# Compute the Moment Propagation Embeddings.

This shows how to retrieve the moment propagation (MomProp) embeddings after the input data have been preprocessed.

In [4]:
import numpy as np
import pandas as pd
import matplotlib.pyplot as plt
import seaborn as sns

from MomPropEmbeddings import data, utils

Set the pickle-file containing the graph.

In [5]:
basegraph_pkl = './data/basegraph.pkl'

## Create the MomProp Embeddings

To generate MomProp embeddings, different hyperparameters must be set, that is:
1. node_feature: the node feature to use.
2. moments: the moments that should be used to represent a genes neighborhood. This was generated during preprocessing.
3. n_hops: The number of k-hop neighborhoods for which the moments have been generated. This was done in the preprocessing step.
4. n_steps: The number of network propagation steps.
5. edge_weight: type of edge-weights to use ('std' or 'none')
6. path_weight: type of path-weights to use ('mean' or 'max')

In [10]:
node_feature = 'log_pvalue'
moments = ['mean', 'std', 'skew', 'kurt']
n_hops = 2
n_steps = 2
edge_weight = 'std'
path_weight = 'max'

mp_data = data.MomProp(
    basegraph_pkl, node_feature, n_steps, n_hops=n_hops,
    moments=moments, edge_weight=edge_weight, path_weight=path_weight
)

The mp_data has different attributes, that is:

* X: the (n_samples, n_features) data matrix
* y: the node-labels
* features: the names of the features.
* samples: the names of the samples.

In [17]:
print(f'Shape of data matrix: {mp_data.X.shape}')
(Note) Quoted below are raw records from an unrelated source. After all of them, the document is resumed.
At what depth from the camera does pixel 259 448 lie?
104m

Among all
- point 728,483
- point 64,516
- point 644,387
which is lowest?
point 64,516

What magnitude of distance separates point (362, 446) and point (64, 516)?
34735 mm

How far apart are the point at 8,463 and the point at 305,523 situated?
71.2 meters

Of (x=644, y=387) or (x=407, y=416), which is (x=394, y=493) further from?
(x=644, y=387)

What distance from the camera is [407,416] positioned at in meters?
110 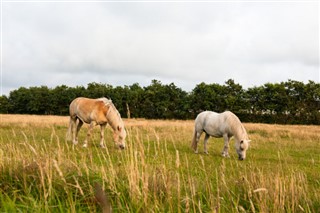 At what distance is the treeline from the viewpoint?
50.8m

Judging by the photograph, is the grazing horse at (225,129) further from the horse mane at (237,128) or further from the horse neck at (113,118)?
the horse neck at (113,118)

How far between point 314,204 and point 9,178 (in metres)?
4.16

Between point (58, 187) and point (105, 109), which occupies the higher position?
point (105, 109)

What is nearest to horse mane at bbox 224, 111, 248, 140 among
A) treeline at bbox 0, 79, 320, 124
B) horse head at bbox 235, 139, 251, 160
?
horse head at bbox 235, 139, 251, 160

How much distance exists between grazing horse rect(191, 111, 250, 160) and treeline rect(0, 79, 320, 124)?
39.8 m

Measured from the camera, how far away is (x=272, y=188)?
13.4ft

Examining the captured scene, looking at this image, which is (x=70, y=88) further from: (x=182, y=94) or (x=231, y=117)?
(x=231, y=117)

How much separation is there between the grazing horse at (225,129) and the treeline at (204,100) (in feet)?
131

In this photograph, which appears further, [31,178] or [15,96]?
[15,96]

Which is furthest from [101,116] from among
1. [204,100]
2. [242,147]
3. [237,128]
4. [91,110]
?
[204,100]

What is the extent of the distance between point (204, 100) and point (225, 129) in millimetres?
43600

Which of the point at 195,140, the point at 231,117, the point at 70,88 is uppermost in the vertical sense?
the point at 70,88

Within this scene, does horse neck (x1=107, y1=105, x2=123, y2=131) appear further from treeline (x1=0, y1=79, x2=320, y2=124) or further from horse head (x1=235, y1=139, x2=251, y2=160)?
treeline (x1=0, y1=79, x2=320, y2=124)

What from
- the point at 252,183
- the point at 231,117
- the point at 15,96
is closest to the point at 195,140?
the point at 231,117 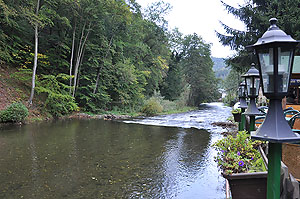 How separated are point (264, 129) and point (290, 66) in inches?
18.5

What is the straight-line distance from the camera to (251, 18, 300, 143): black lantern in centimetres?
141

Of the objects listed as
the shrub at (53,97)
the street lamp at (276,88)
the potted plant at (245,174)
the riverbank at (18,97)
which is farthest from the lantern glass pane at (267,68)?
the shrub at (53,97)

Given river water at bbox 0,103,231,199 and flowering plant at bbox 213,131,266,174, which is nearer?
flowering plant at bbox 213,131,266,174

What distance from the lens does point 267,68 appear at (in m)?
1.49

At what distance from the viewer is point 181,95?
97.2 ft

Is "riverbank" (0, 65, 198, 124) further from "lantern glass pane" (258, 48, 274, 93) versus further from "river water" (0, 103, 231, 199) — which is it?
"lantern glass pane" (258, 48, 274, 93)

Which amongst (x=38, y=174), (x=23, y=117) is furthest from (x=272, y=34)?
(x=23, y=117)

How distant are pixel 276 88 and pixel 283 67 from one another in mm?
155

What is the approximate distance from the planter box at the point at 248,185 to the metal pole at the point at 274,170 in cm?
54

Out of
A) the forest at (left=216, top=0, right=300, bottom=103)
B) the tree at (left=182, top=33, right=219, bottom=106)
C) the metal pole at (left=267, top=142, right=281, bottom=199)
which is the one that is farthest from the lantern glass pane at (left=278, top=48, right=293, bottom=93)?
the tree at (left=182, top=33, right=219, bottom=106)

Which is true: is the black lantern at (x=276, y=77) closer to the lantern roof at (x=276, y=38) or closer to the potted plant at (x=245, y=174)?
the lantern roof at (x=276, y=38)

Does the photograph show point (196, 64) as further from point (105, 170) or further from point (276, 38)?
point (276, 38)

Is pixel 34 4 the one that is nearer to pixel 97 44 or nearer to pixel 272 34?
pixel 97 44

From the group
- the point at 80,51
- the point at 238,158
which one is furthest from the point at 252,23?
the point at 80,51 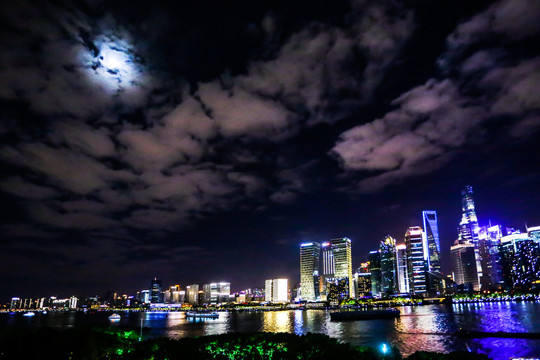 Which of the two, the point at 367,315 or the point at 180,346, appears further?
the point at 367,315

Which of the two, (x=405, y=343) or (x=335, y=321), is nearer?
(x=405, y=343)

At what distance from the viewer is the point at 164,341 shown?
99.6 ft

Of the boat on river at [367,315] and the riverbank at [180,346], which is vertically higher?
the riverbank at [180,346]

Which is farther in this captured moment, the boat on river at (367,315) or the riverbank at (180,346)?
the boat on river at (367,315)

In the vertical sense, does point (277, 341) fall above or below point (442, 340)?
above

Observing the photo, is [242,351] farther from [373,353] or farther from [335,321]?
[335,321]

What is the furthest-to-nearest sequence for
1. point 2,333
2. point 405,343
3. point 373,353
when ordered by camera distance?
point 405,343 → point 2,333 → point 373,353

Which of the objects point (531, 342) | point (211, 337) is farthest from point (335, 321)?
point (211, 337)

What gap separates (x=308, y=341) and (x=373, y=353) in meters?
5.52

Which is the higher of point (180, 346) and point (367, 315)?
point (180, 346)

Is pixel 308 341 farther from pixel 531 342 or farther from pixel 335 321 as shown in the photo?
pixel 335 321

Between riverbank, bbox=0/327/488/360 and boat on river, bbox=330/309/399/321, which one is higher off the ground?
riverbank, bbox=0/327/488/360

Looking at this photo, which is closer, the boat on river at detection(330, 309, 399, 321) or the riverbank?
the riverbank

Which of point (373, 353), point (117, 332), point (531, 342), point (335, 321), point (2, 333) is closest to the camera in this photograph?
point (373, 353) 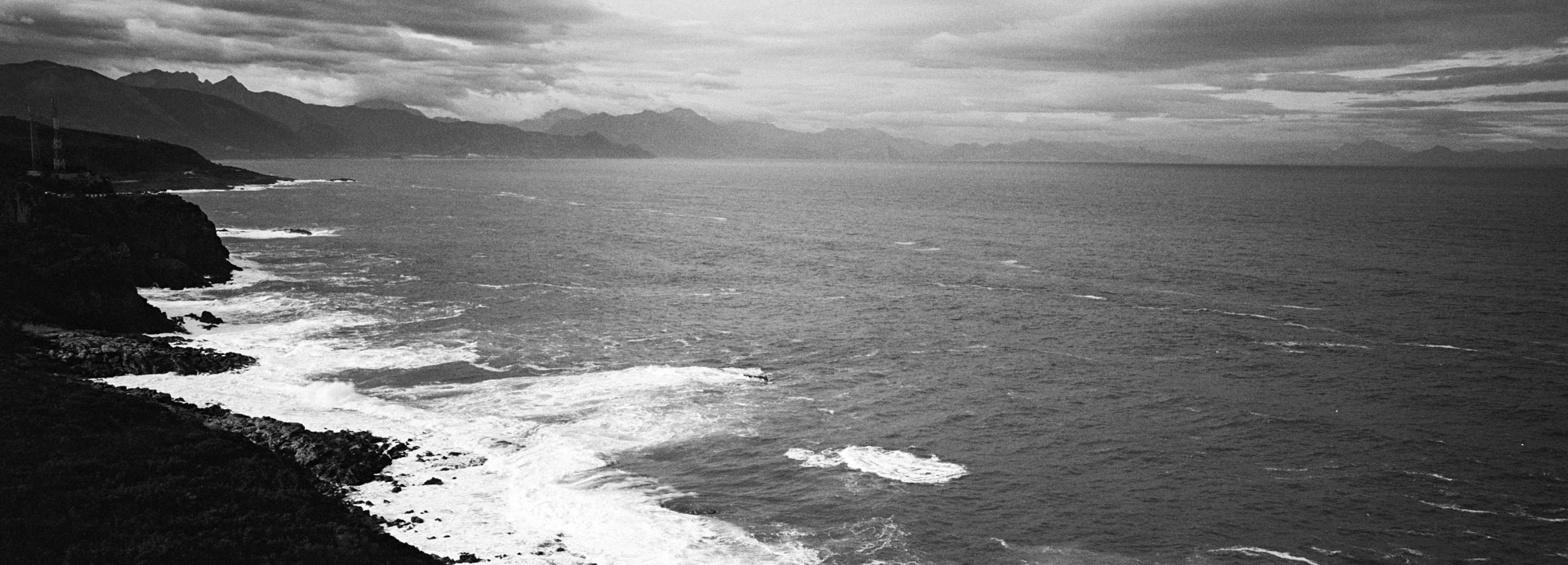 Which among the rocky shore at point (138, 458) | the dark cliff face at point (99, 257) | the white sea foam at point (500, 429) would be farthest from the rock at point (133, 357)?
the dark cliff face at point (99, 257)

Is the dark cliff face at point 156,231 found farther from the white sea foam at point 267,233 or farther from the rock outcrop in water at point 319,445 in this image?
the rock outcrop in water at point 319,445

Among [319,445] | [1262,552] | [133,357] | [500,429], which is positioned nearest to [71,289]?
[133,357]

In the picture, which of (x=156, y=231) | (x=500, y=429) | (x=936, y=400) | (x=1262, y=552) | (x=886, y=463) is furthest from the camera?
(x=156, y=231)

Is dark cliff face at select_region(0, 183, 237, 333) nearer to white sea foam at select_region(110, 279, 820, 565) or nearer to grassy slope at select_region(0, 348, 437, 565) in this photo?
white sea foam at select_region(110, 279, 820, 565)

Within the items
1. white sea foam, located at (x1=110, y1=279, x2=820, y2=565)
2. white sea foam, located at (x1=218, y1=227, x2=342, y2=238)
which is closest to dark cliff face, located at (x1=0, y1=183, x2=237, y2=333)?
white sea foam, located at (x1=110, y1=279, x2=820, y2=565)

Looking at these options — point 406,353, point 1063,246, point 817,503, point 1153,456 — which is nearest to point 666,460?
point 817,503

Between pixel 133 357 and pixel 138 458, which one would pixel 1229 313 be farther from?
pixel 133 357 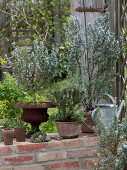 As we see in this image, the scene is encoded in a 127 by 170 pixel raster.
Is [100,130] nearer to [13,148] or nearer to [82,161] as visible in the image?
[82,161]

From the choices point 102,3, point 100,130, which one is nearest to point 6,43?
point 102,3

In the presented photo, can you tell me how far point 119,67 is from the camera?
3.07m

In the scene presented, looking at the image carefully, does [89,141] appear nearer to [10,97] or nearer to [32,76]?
[32,76]

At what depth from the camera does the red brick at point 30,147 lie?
2449mm

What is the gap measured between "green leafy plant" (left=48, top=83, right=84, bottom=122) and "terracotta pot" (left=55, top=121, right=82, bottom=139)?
62 mm

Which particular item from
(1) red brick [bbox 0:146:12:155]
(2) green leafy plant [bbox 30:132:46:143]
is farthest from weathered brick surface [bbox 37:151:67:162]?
(1) red brick [bbox 0:146:12:155]

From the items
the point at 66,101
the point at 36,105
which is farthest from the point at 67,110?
the point at 36,105

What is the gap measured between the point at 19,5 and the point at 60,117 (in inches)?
175

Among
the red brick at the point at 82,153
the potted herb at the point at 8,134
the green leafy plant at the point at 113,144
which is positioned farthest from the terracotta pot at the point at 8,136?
the green leafy plant at the point at 113,144

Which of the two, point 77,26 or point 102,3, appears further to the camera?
point 102,3

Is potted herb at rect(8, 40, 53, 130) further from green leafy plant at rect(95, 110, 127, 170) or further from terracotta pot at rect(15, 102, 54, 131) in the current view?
green leafy plant at rect(95, 110, 127, 170)

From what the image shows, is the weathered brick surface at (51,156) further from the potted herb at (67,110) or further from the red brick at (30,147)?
the potted herb at (67,110)

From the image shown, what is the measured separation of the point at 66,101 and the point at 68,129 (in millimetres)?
231

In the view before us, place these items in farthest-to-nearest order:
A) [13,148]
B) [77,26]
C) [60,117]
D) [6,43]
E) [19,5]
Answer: [19,5], [6,43], [77,26], [60,117], [13,148] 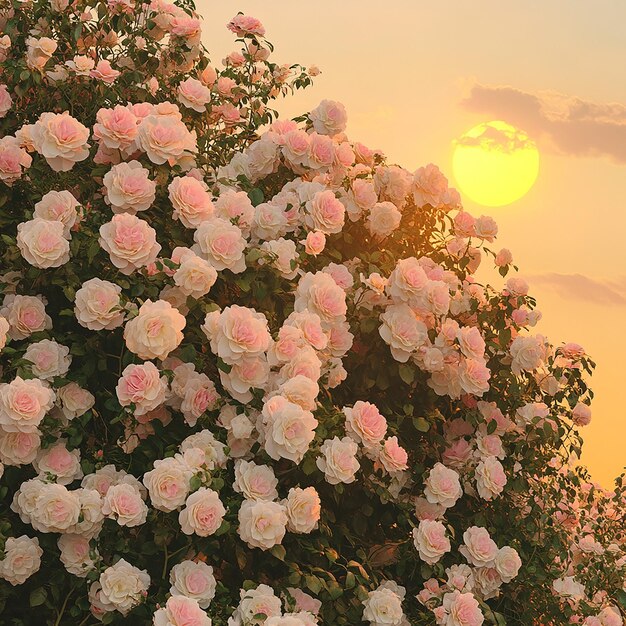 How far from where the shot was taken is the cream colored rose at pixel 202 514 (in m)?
3.45

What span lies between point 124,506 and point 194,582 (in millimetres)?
387

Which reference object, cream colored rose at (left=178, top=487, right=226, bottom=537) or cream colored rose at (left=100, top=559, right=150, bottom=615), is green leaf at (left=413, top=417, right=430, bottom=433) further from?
cream colored rose at (left=100, top=559, right=150, bottom=615)

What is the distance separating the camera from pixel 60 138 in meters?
4.20

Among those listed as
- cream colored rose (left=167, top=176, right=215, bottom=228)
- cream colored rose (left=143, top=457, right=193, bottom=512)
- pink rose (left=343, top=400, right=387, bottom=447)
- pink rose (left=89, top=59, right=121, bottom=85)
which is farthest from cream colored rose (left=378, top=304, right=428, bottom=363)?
pink rose (left=89, top=59, right=121, bottom=85)

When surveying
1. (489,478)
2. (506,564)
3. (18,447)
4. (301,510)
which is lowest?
(506,564)

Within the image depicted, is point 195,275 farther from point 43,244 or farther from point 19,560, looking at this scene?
point 19,560

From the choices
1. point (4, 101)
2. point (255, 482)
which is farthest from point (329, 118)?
point (255, 482)

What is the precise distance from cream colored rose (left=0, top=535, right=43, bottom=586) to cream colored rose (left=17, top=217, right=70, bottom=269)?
1.11 metres

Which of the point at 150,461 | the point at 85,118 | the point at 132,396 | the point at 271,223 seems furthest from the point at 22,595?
the point at 85,118

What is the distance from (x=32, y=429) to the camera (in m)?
3.71

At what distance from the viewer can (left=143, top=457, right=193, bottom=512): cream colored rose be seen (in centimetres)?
350

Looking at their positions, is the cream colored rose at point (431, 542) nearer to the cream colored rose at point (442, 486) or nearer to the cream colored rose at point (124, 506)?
the cream colored rose at point (442, 486)

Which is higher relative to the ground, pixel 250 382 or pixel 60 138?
pixel 60 138

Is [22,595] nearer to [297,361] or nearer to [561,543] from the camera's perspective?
[297,361] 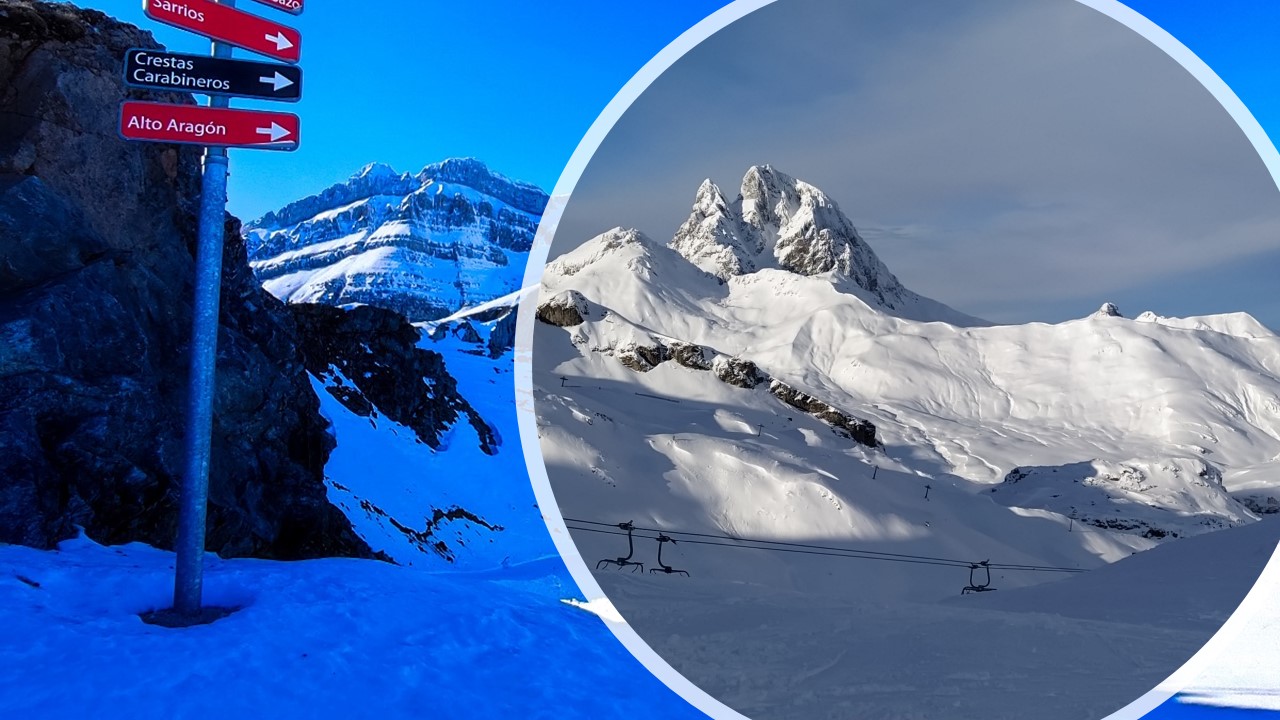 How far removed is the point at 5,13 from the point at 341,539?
33.0ft

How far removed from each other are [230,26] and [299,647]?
474 centimetres

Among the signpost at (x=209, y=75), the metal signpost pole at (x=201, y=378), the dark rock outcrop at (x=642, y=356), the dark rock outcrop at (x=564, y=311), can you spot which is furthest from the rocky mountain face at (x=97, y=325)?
the dark rock outcrop at (x=564, y=311)

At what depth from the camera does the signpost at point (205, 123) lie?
5.45 meters

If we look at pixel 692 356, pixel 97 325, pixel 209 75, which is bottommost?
pixel 97 325

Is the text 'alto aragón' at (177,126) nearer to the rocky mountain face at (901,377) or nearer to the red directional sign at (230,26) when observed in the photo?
the red directional sign at (230,26)

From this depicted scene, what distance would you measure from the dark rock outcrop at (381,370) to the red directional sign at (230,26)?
32.0 meters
Shape of data matrix: (100, 27)


# Downstream analysis

The resulting data sets can be used for downstream analysis, such as the prediction of the class label in `mp_data.y`. In the paper, the samples were genes, and the features were the log-transformed MuSig $p$-values of the genes. We generated MomProp embeddings to predict the cancer status of the genes.